» YOUR INSTRUCTIONS: Copy out exactly the lines from the one containing "The highest or" through the end of the records, and no pictures.

» RECORDS FOR THIS EXERCISE:
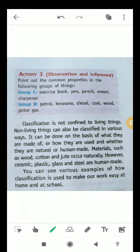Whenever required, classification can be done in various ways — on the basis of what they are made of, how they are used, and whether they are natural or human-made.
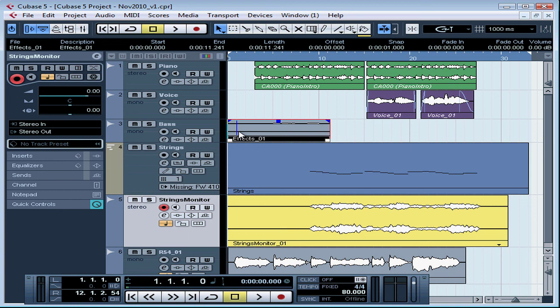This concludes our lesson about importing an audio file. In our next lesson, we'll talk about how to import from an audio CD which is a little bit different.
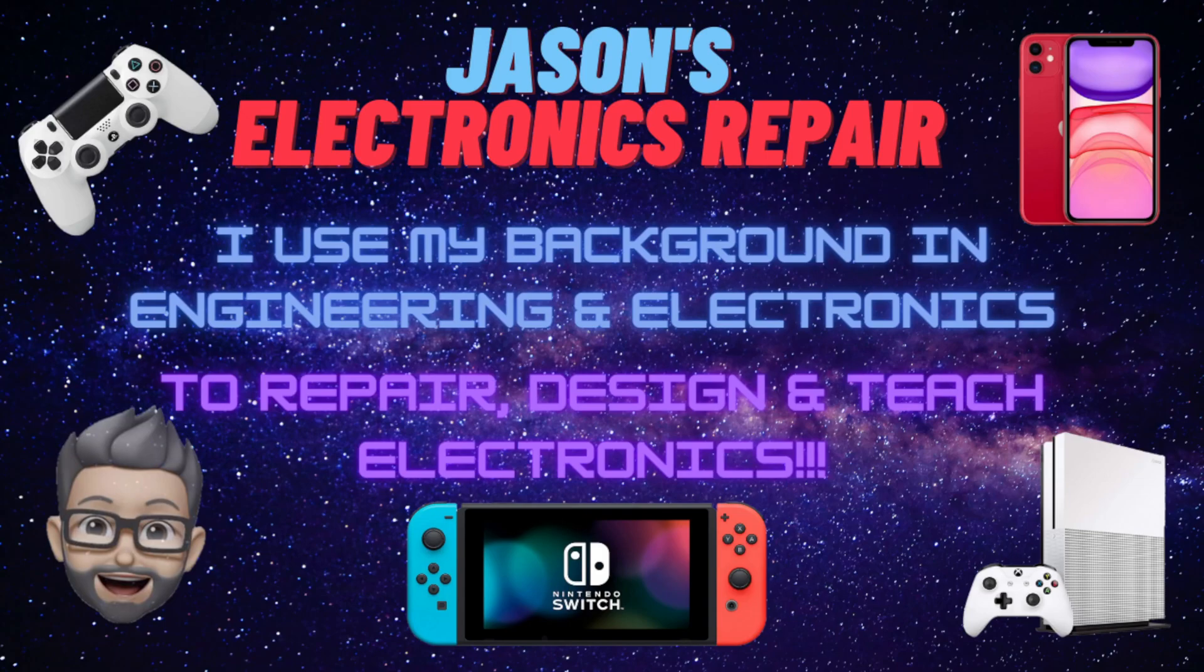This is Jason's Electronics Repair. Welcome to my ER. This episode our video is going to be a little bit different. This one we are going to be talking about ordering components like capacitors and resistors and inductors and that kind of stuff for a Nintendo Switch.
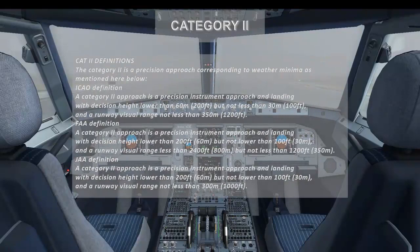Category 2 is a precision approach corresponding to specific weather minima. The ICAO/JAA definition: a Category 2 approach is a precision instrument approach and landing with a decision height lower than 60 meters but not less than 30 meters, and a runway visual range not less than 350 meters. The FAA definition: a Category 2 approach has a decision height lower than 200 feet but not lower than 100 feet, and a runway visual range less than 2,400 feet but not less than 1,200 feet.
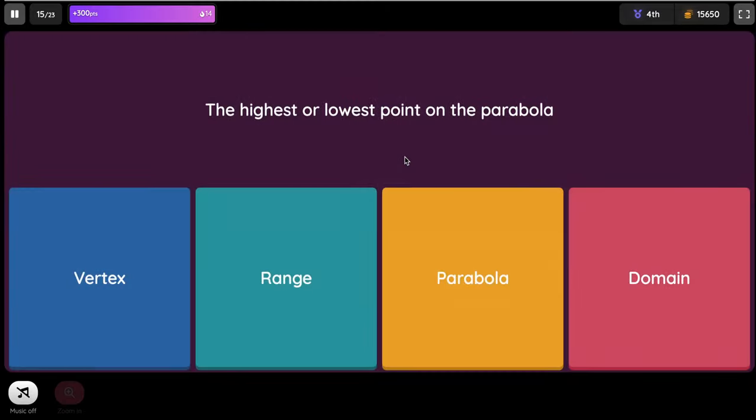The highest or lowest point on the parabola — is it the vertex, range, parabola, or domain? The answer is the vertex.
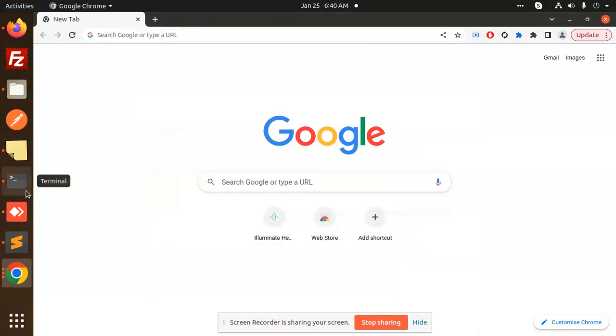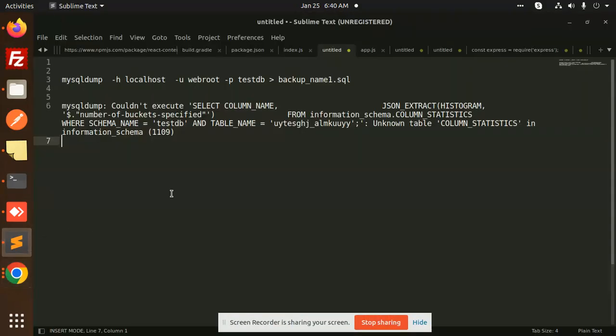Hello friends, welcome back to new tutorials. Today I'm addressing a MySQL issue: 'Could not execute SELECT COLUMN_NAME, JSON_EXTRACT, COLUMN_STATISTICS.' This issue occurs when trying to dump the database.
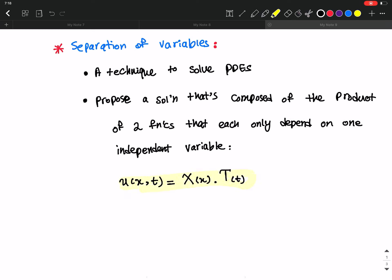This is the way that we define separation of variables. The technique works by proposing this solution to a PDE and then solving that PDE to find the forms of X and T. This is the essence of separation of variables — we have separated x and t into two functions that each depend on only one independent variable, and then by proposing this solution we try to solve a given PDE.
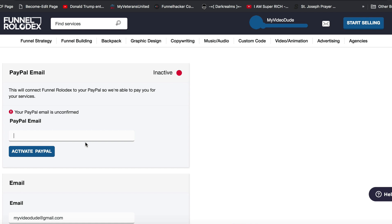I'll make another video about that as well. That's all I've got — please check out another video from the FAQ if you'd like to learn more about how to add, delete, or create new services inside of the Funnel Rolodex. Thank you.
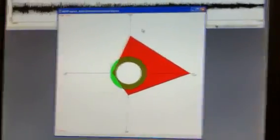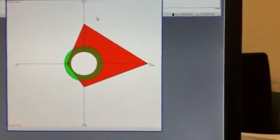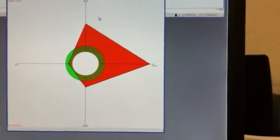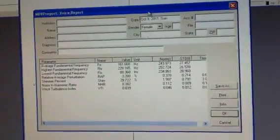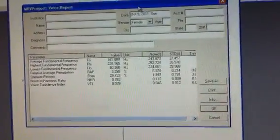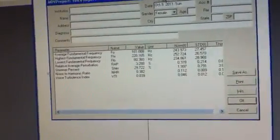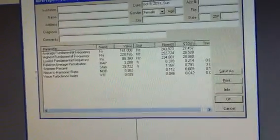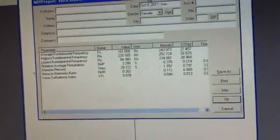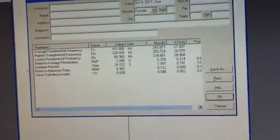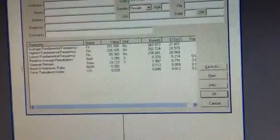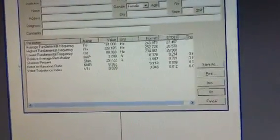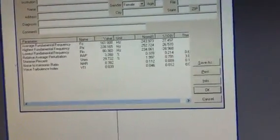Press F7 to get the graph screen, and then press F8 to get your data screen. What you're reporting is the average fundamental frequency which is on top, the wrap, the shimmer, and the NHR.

» RESPONSE TO THE TASK:
The highest or lowest point on the parabola — is it the vertex, range, parabola, or domain? The answer is the vertex.
Hello friends, welcome back to new tutorials. Today I'm addressing a MySQL issue: 'Could not execute SELECT COLUMN_NAME, JSON_EXTRACT, COLUMN_STATISTICS.' This issue occurs when trying to dump the database.
This is the way that we define separation of variables. The technique works by proposing this solution to a PDE and then solving that PDE to find the forms of X and T. This is the essence of separation of variables — we have separated x and t into two functions that each depend on only one independent variable, and then by proposing this solution we try to solve a given PDE.
I'll make another video about that as well. That's all I've got — please check out another video from the FAQ if you'd like to learn more about how to add, delete, or create new services inside of the Funnel Rolodex. Thank you.
Press F7 to get the graph screen, and then press F8 to get your data screen. What you're reporting is the average fundamental frequency which is on top, the wrap, the shimmer, and the NHR.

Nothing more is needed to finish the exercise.